Felicidade dos funcionários


Na vida, só não podemos discutir a verdade. O resto, podemos. Sim, mas o que é a verdade, que cara ela tem? Ninguém jamais chegou à verdade. Ela é uma ilusão, ou, quando muito, uma luta do ser humano para chegar a ela. Nossas verdades têm letras minúsculas, a Verdade teria maiúsculas…

O que há são percepções, percepções que diferem de pessoa para pessoa. Jamais duas pessoas viram o mesmo objeto do mesmo jeito — podem descrevê-lo de modo semelhante, isso podem, mas não o percebem do mesmo jeito. Um pai que tenha três filhos, tem três percebedores diferentes, esse pai é três pais diferentes…

Cruzes, já estou quase no fim do tempo de conversa com você e ainda não disse a que venho. É que dia desses andou pelo Brasil um americano que escreveu um livro de muitos leitores: O Monge e o Executivo.

Esse americano, James Hunter, afirmou, em Porto Alegre, que “funcionários felizes, empresas fortes”. Discordo.

Essa afirmação, que pelo enfático do seu anunciar parece uma verdade, na verdade não o é.

— Mas como não, Gallo, voce discordas até da mais indiscutível das verdades?

E quem disse que o que o Hunter falou é verdade?

Vamos lá, vamos ao que penso, isto é, à “minha” verdade.
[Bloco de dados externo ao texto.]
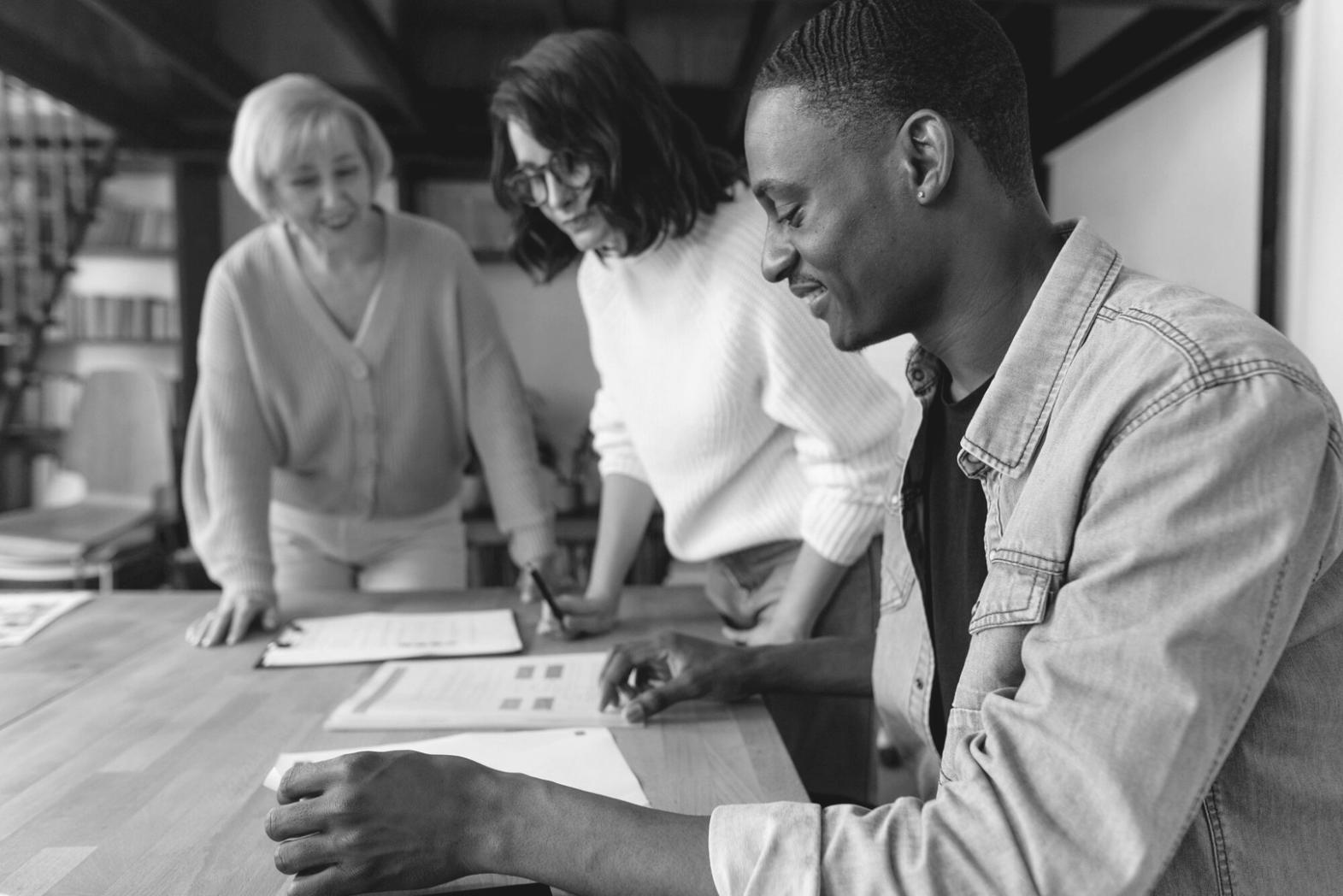 Strategic planning session with market research materials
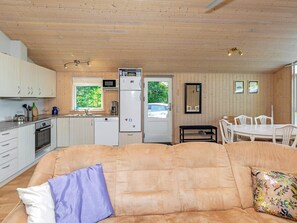 A cozy living area with a sofa, a dining table, and a kitchen with wooden cabinets and appliances. - 6 Person Holiday Home in Logstor (Logstor)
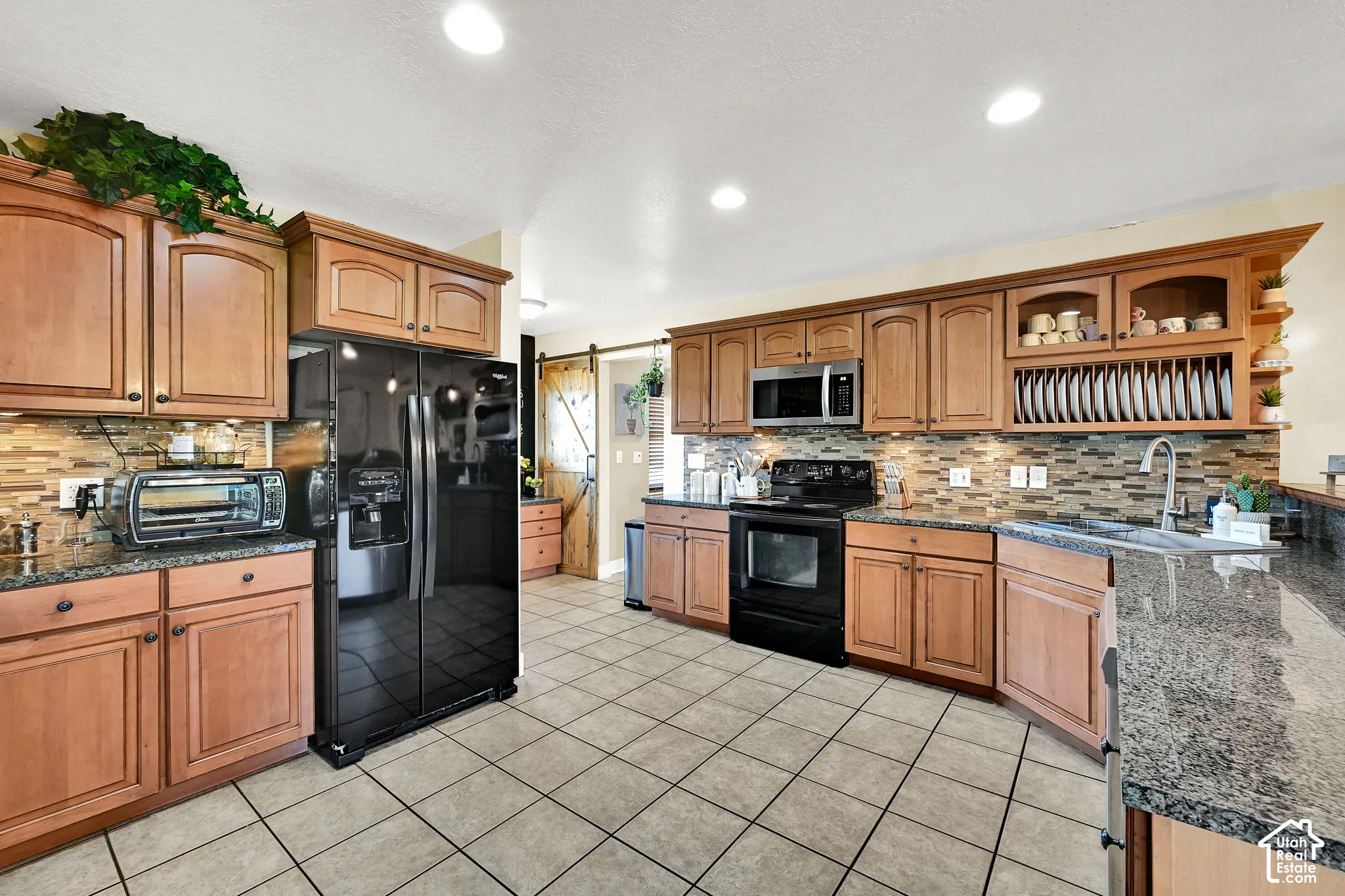 Gourmet kitchen featuring wood cabinetry, stone countertops, a tile backsplash, tile flooring, and integrated black appliances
Uma empresa só cresce com bons funcionários, em bom ambiente, mas… mas é preciso que os funcionários sejam qualificados e motivados. E quem é motivado ainda não é feliz. Está lutando pela felicidade. Só os que têm um norte existencial, um propósito profissional ou de vida, são felizes… Felizes na luta.

Quem se dá por feliz é um vencido, não tem mais por que lutar. Por que razão um sujeito que acaba de ganhar a Mega-Sena sairia porta afora, como um louco, a procurar por uma nova aposta? Quem chega ao topo do Everest não luta mais por subir, está no topo… Só pode pensar em “descer”.

Não quero funcionários felizes na minha empresa, quero obstinados de um sonho, quero lutadores, não quero “felizes” que passem o dia esfregando a barriga, olhando para o céu e suspirando o suspiro da saciedade.

Empresas fortes só resultam de funcionários indômitos, lutadores de uma causa, de um sonho, gente com conquistas a serem conquistadas. Um homem casado com a Miss Brasil vai querer o que mais?

Felicidade é ponto final. Que Deus nos livre dela! Que ela nos mande uma “prima”, ah, isso sim… Espero que o que acabo de dizer seja verdade.